Aug

12

 Mr. Brooks has regaled us with a litany of bad things about the current state of affairs versus the late 30s. Yes. however, the question is whether this is bullish or bearish? The market does move to levels consistent with the state of affairs so that the anticipated rate of return takes into account the constellation of current events and future cognizables and reasonable unknowables taking account of randomness in the process.

Mr. Brooks responds: 

To be more clear, I am bearish. I don't see the market doing well, now, or in the near term. My money is where my mouth is. I'm short Europe, NAZ and long long gold with a large cash position to take advantage of opportunities that will arise.
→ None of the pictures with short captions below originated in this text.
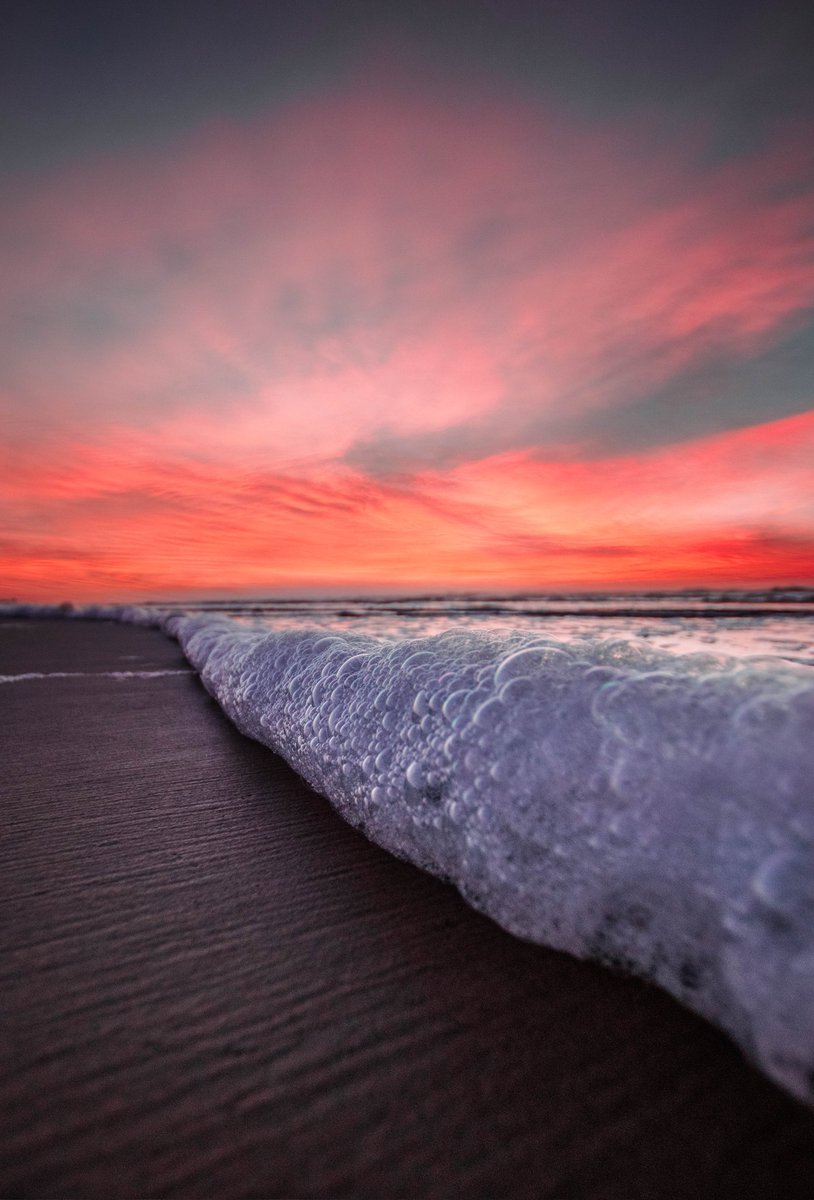 Lucas Morates tweet media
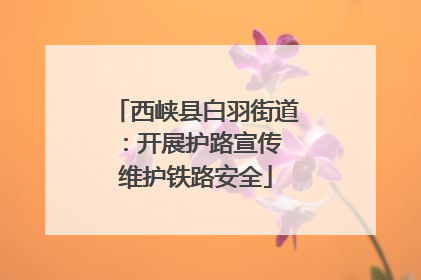 西峡县白羽街道：开展护路宣传 维护铁路安全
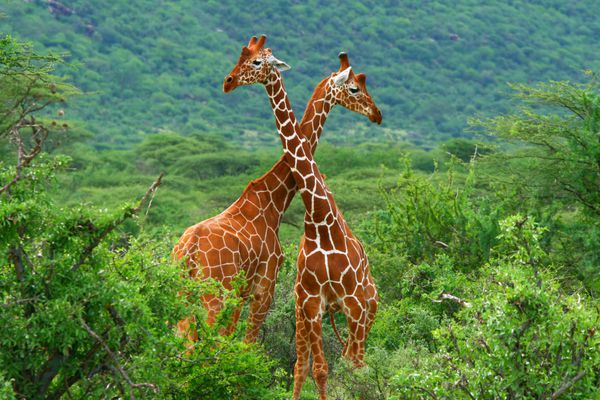 مبارزه دو زرافه آفریقا کنیا پارک ملی سامبورو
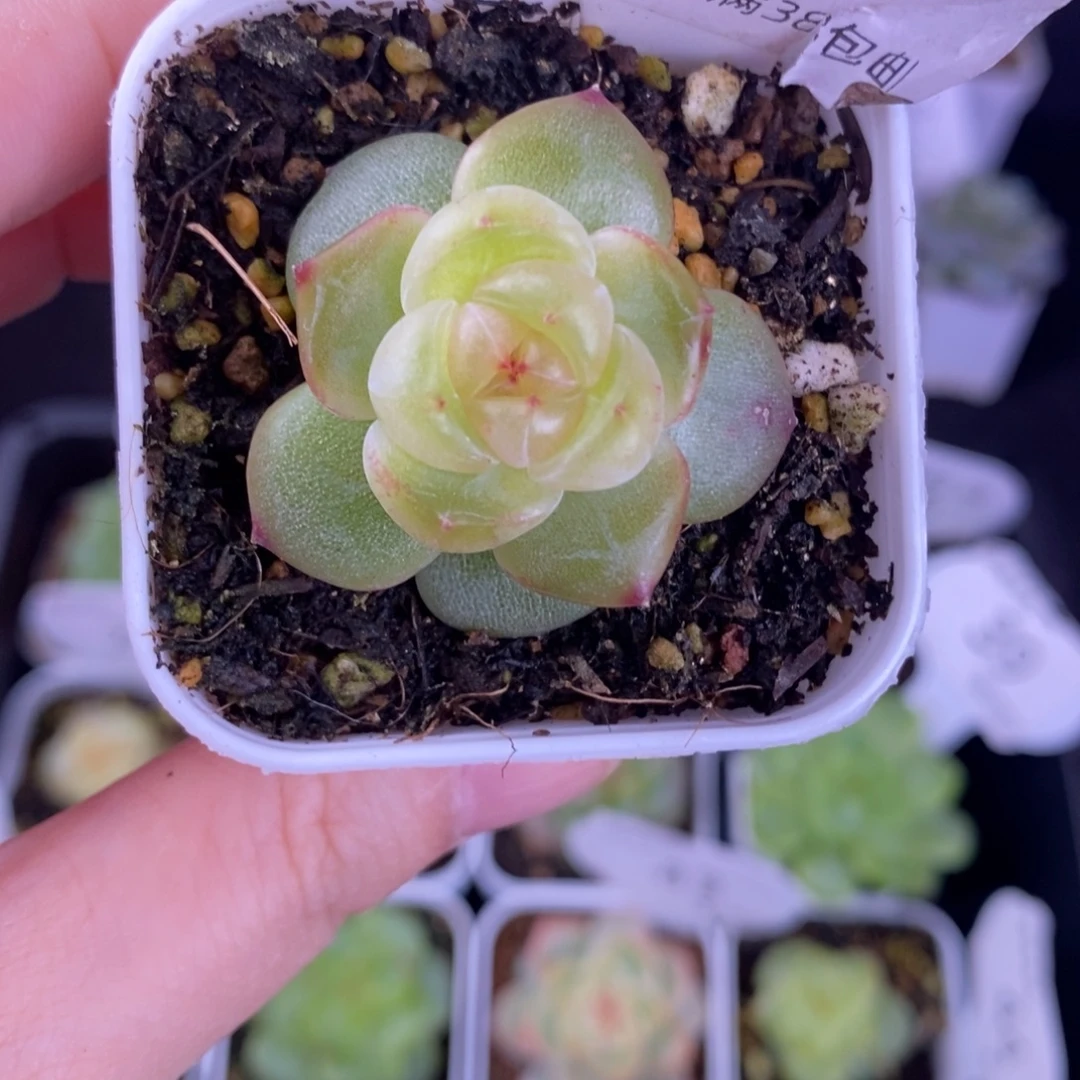 新品种播珍妮优选25号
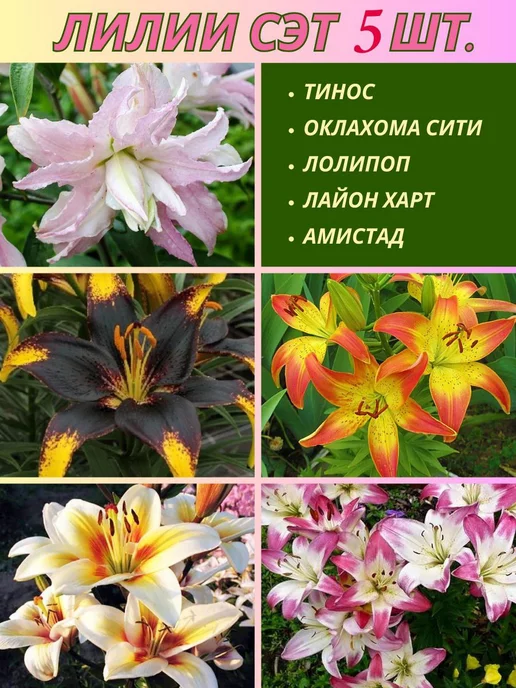 Лилия Red Carpet (Lilium Red Carpet). Фото на сайте 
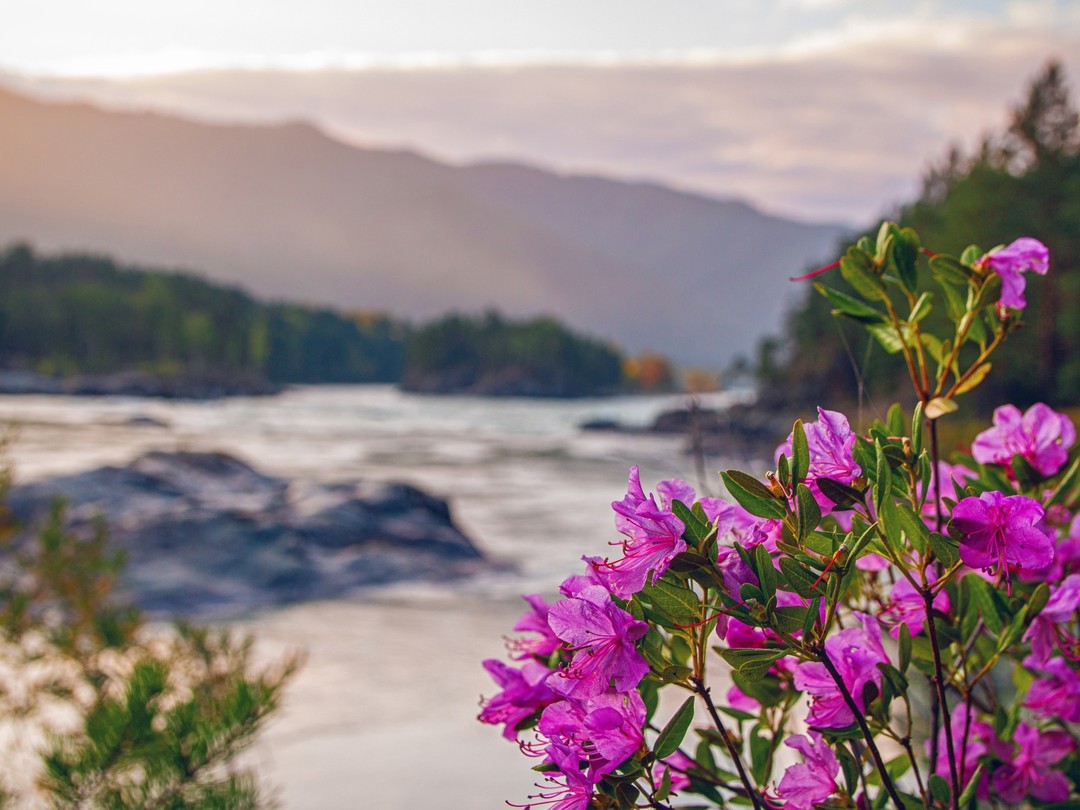 На Алтай во время цветения алтайской сакуры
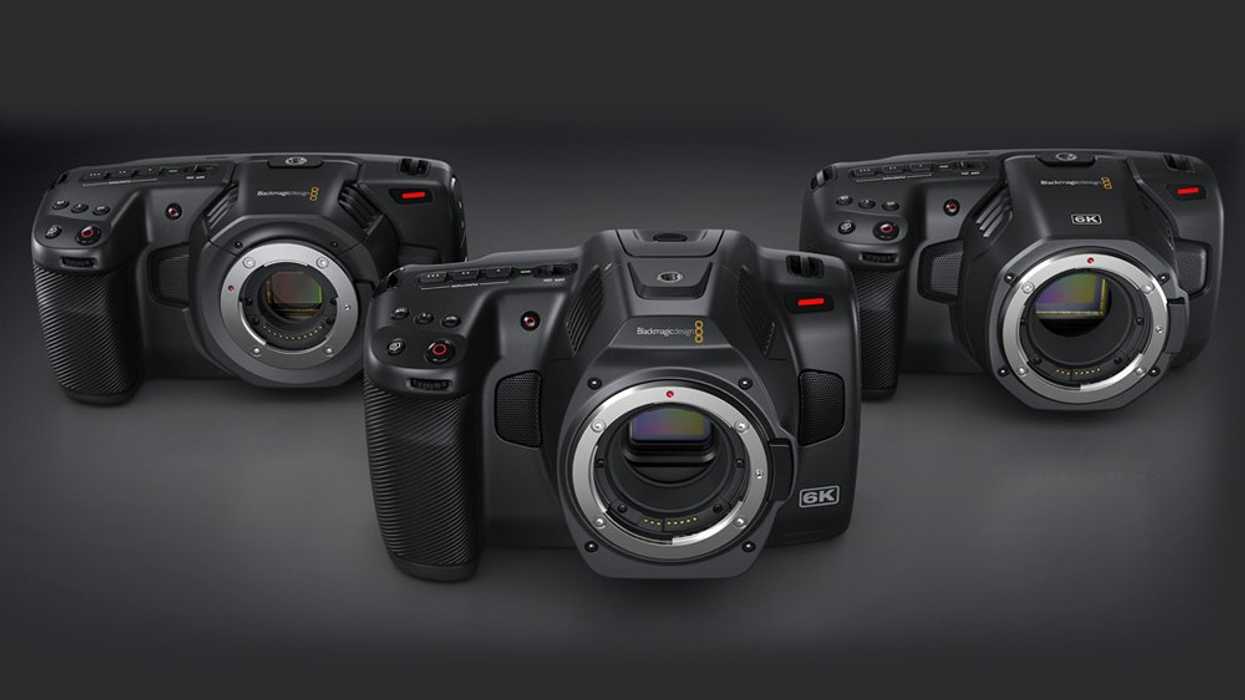 Bmd_pocket_family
I work closely with insurance companies, insurance brokers, TPA's, and small businesses. There is universal pessimism amongst these organizations (and these are quality proven businessmen/women). They are NOT hiring. They are hording cash and not spending on capital expenditures. They are fearful that their lines of credit will be cut. They don't like the onerous regulatory environment that metastasizing around them.

I am not a bear, but I am a realist. But I am not a trader like most of this list. I have, historically held positions for well over a year (on average), but that isn't working anymore. Therefore, I search out short term opportunities where I can find them (and they are few and far between), and I am looking at PE opportunities in businesses that produce cash and do well in hard economic times (I wrote about that on this list in the recent past).

I don't care whether the market is up, down or sideways, with either low or high volatility. The bottom line is that I have to make money for me, my family and my clients. If I'm wrong, I'll be a man, fess up to my errors take my lumps and move on…but I'd rather be right! 

If you want what I think is a real good indicator for what is really happening in our country economically, look at Workers Compensation insurance. Look at the numbers of employees that are employers are paying for (i.e. that are covered under a corporate WC plan), and look at the total premium dollars being spent on WC. Both are down substantially.

The total # of employees covered by WC are down substantially, and the total WC premiums are down (proportionally) even more.

Look at the money that companies are spending on things like liability insurance. They are cutting their premiums, and cutting their coverage.

There are many things that you can learn from this information.

Now, where to find this data? Well, I get mine from my insurance clients via conversations. I don't know where to find it out in the real world, so I can't supply a link….my anecdotal data will have to suffice. Sorry I can't give more than that.

Rocky Humbert adds:

Alan AbelsonFurther to the chair's comment and just to shake things up a bit, I will confess that I am bullish on stocks over the next decade, and believe that they will substantially outperform cash and bonds (from these yields ). From these prices, I expect returns in the order of 6ish percent. I also have a ton of cash right now because I want to exploit the volatility of the markets which will probably dwarf that 6% drift.

yet, other than valuation (which got me out of stocks prematurely and into bonds prematurely) in 1997, the single best reason to be bullish is that none of the really smart people on this list can articulate any reason to be bullish.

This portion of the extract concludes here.